Fortunately, it wasn't that horrific, but Norman still shows me the scar every time it comes up. I have yet to learn from whose shed that devilish Flexi was “acquired”, or for that matter what ever happened to it after its first flight. I do not recall seeing it again.
We habitually sneaked in the home games of the Vicksburg “Billies”, the Southeastern Class A league. We usually would get to the park early and hide until the gates opened, then we were home free. If we had not sneaked in, we would not have had the 35 cents for a coke and hot dog. Two of the team members moved into the same apartment building as Norman. I know we pestered Frank Tincup and Norbert Barker to no end, but Norman got Tincup to tutor him on how to throw a curve ball. I had the catcher’s mitt which popped away the long hours in our driveway with Norman’s fastball striking its pocket. Soon Norman began to throw well enough that I began to call pitches for him to throw. Surely some team needs our talent.
Then Norman moved to Redwood. Our career was over before it began. This separation didn’t stop us though. I managed to get to Redwood as often as he would manage to catch a ride to town. Then Norman came through, he learned his Uncle Fred, owner of Oakes’ Auto Parts, sponsored a baseball team. This was before Little League existed around Vicksburg.
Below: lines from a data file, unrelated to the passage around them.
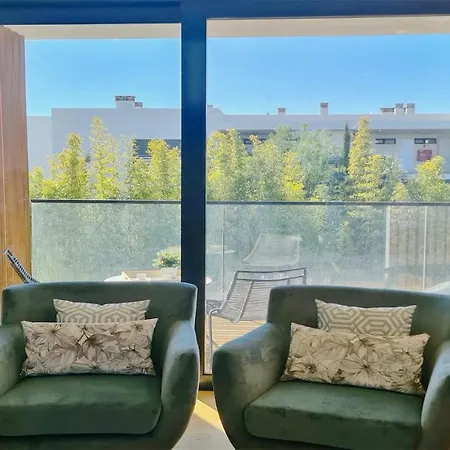 Nature Apartment 229 - Clever Details, Sleeps 6, Luxury, Walking Distance Apartament
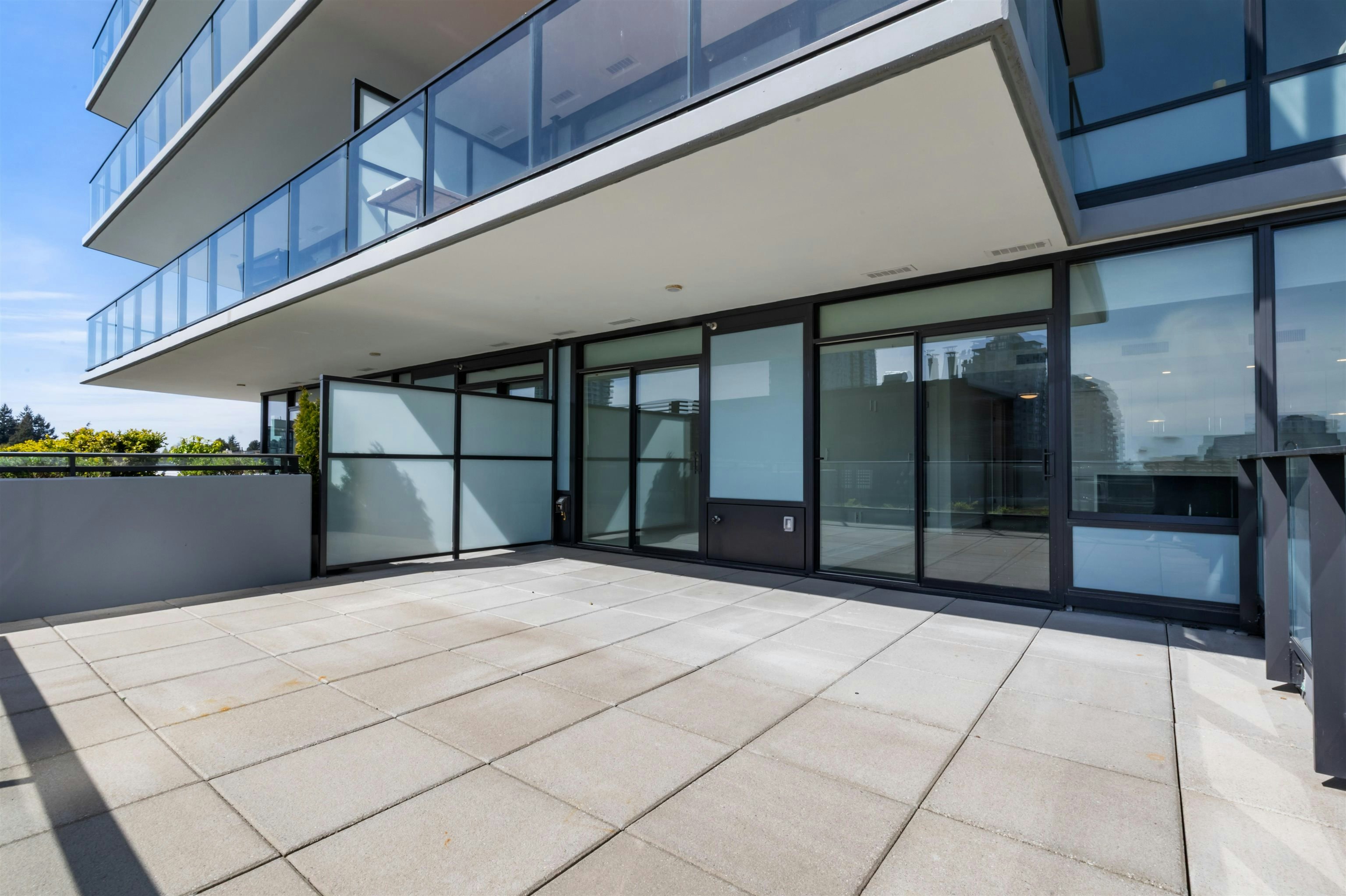 307-1588 Johnston Road, Surrey, BC, V4B 0C5 - 8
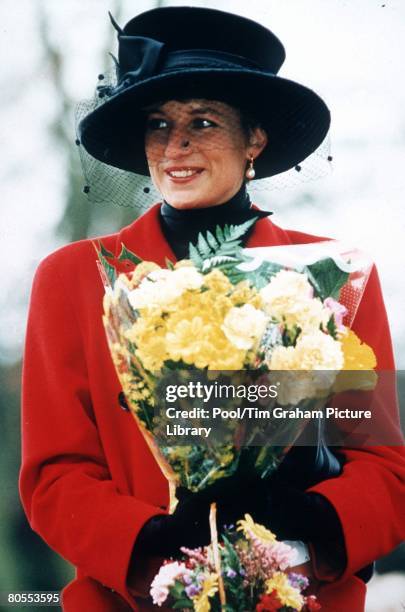 UNITED KINGDOM PRINCESS DIANA AT SANDRINGHAM ON CHRISTMAS DAY, THE PRINCESS IS WEARING A RED COAT AND A BROAD-BRIMMED BLACK HAT, SHE IS CARRYING A...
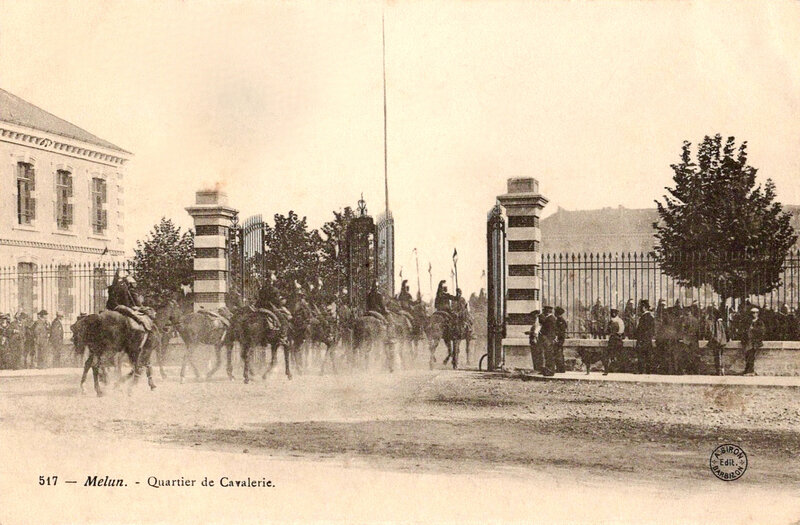 Melun, quartier de cavalerie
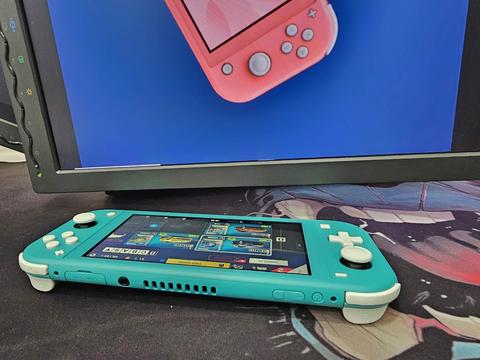 [SATILDI] Nintendo Switch Lite Oyun Konsolu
Fortunately for the young boys, men like Mr. Oakes loved baseball and kids enough to mix the two together. There was no “draft” like in little League. Each sponsor recruited his own players. Norman and I gathered up our glove and mitt and caught the bus to see Uncle Fred. We found him behind the parts yard in a field with some of his team practicing. He gave us a tryout. He must have been impressed with his nephew‘s pitching because he put us on the team. Every team needs a catcher, and I could catch Norman’s curve and fast ball which was thrown harder, faster, and truer than any other pitcher we played against. I was the only non-Redwood boy on the team.
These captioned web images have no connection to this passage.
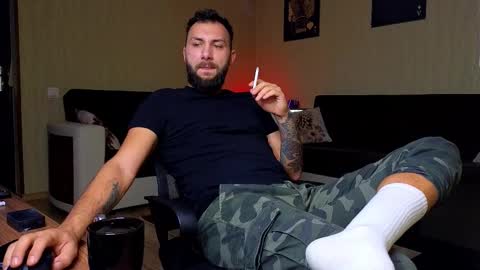 Snapshot of jamienoxus chatting on 10.06.25 Robbie online show from 10.06.25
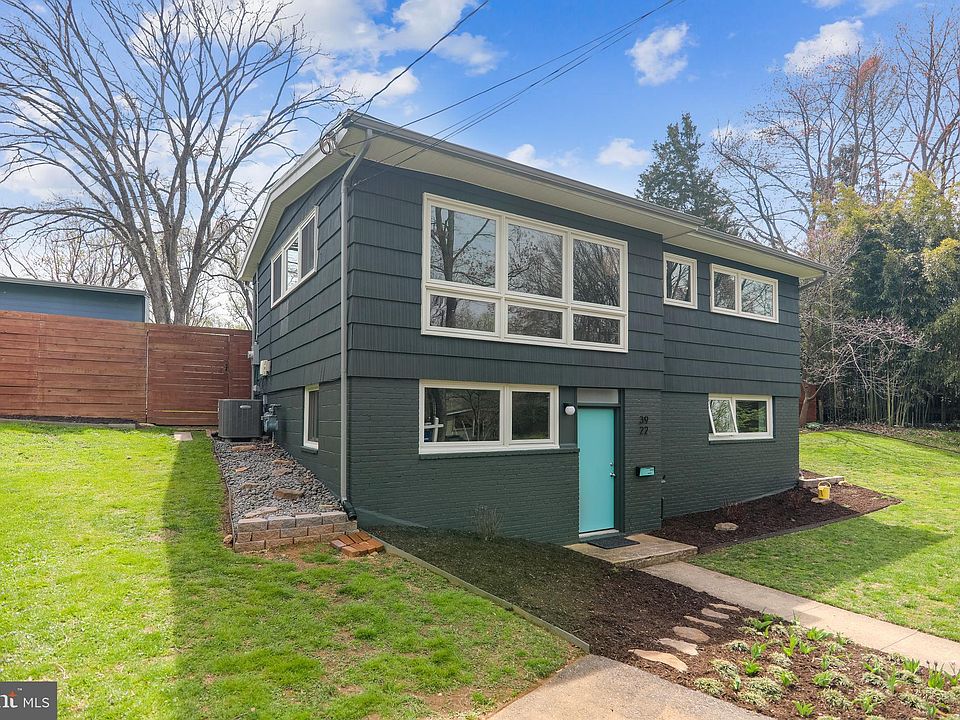 2nd image of 3922 Denfeld Ct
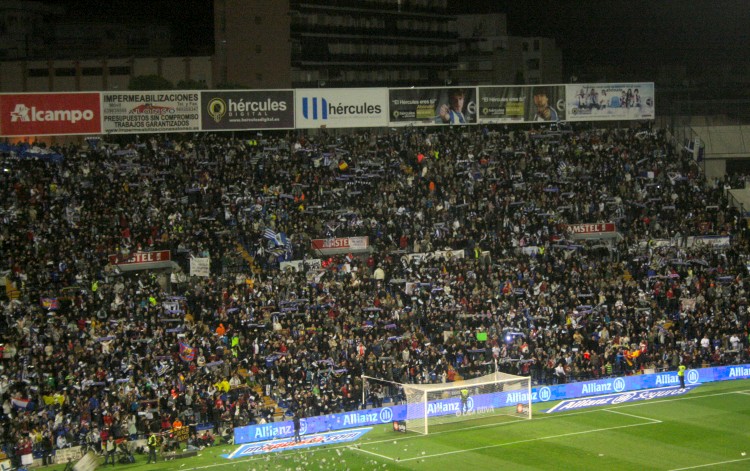 Estadio Jos&eacute; Rico P&eacute;rez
One of the teams we played was the Roseland Drive Team. Mr. Oakes told us there was a girl on that team, but warned us to not underestimate her. I thought for a minute, “Mr. Oakes, if she tries to score how do I block her, how do l tag her?” Without hesitation he replied, “Like a gentleman.” For two years Norman and I played for Oakes’ team. Following our home games at Redwood, Mr. Oakes would take us to Vernell’s store and treat us to a Coke. It is amazing to think he could treat everyone for less than a dollar with drinks like big R.C. Colas being 5 cents. I doubt we lost more than two or three games, and we would play anyone, even older boys.
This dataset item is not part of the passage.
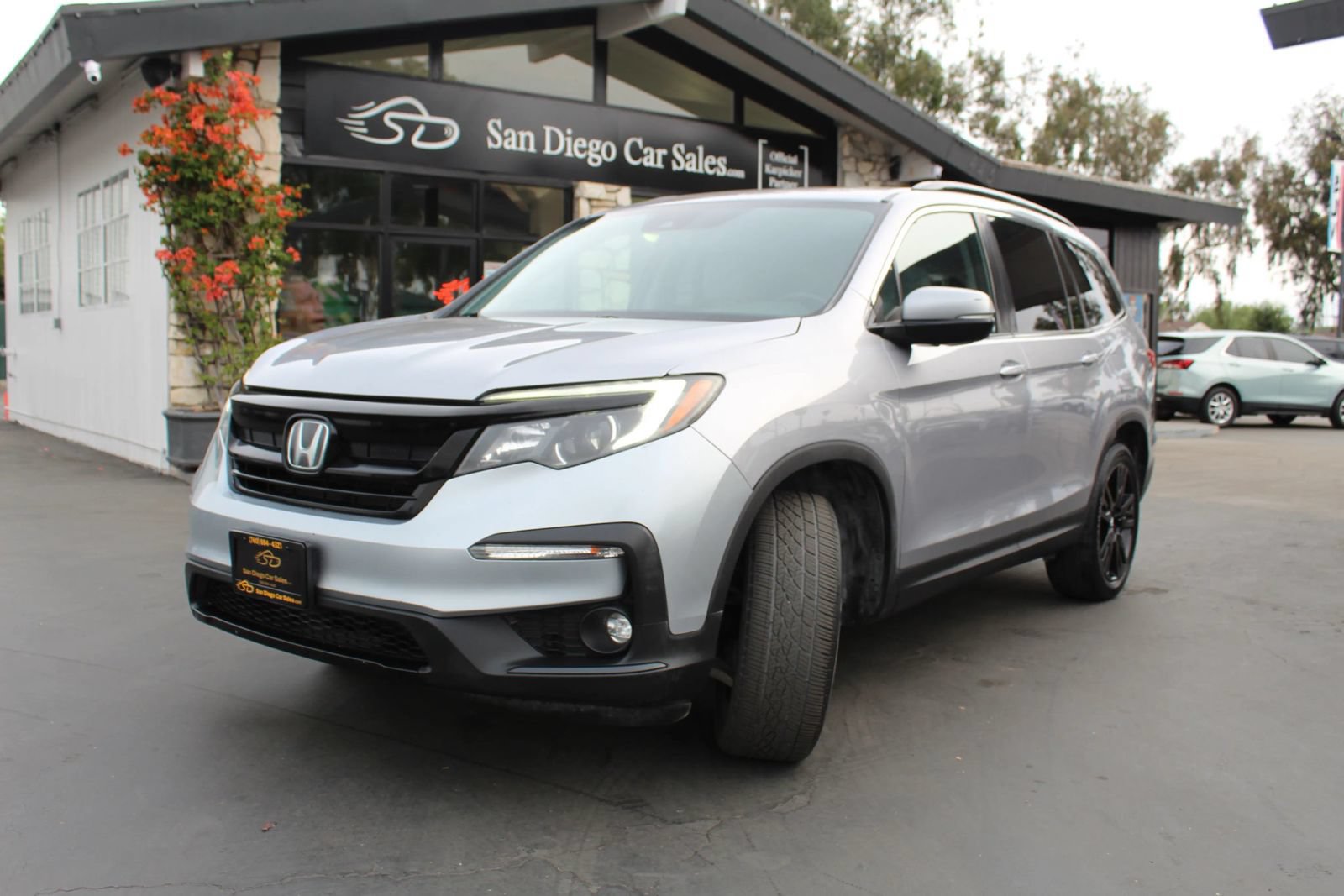 Used 2021 Honda Pilot Special Edition image 1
Back Row: Donald Oakes, Phares Griffin, Billy Wayne Bishop, Melvin Oakes, Norman Oakes, Billy Wright Front Row: Floyd Oakes, Bobby Jernigan, Harold Barker, Lamar Thomas, Earl Martin, Johnny Griffin
Later, and now older, I am catching for the Vicksburg Carr Central GREENIES, my high school team. As I turn and remove my mask following a third out to go to the dugout, I see Mr. Oakes sitting in the stands behind me. I go over to the wire fence and speak to him. When I returned behind the plate he was gone. I will say no man outside my family influenced me more than Mr. Fred Oakes...God Bless him, he was a true gentleman. If Heaven has baseball and should time happen to be a Field of Dreams, Fred Oakes will be at the game. Like all boys, there is fertile ground for horseplay and practical jokes. l must admit I sometimes went too far with Norman. I am not sure he ever forgave me for the turtle egg incident. Norman had this love of milk, just plain ol’ homogenized milk. Mom had put a glass of starch in the refrigerator that looked just like milk. l just happen to call Norman’s attention to that glass. He had it half gone before the taste hit him. l locked myself in the bedroom when he got after me. He put black pepper in the outlet hose of Mom’s vacuum cleaner and blew it beneath the door at me... that ‘s all right... revenge is sweet. Following a later squabble, Norman goes in the bedroom, and locks me out. I know Norman! I put a sprinkle of pepper in a straw, as I know he will eventually take the key out and peep to see if I am still there. I wait until I hear the key being removed and see light through the keyhole then dark again. I know now he is peeping through the keyhole. I blow the pepper through the hole. You’d have thought a bear had him with all that hollering. Early pepper spray?????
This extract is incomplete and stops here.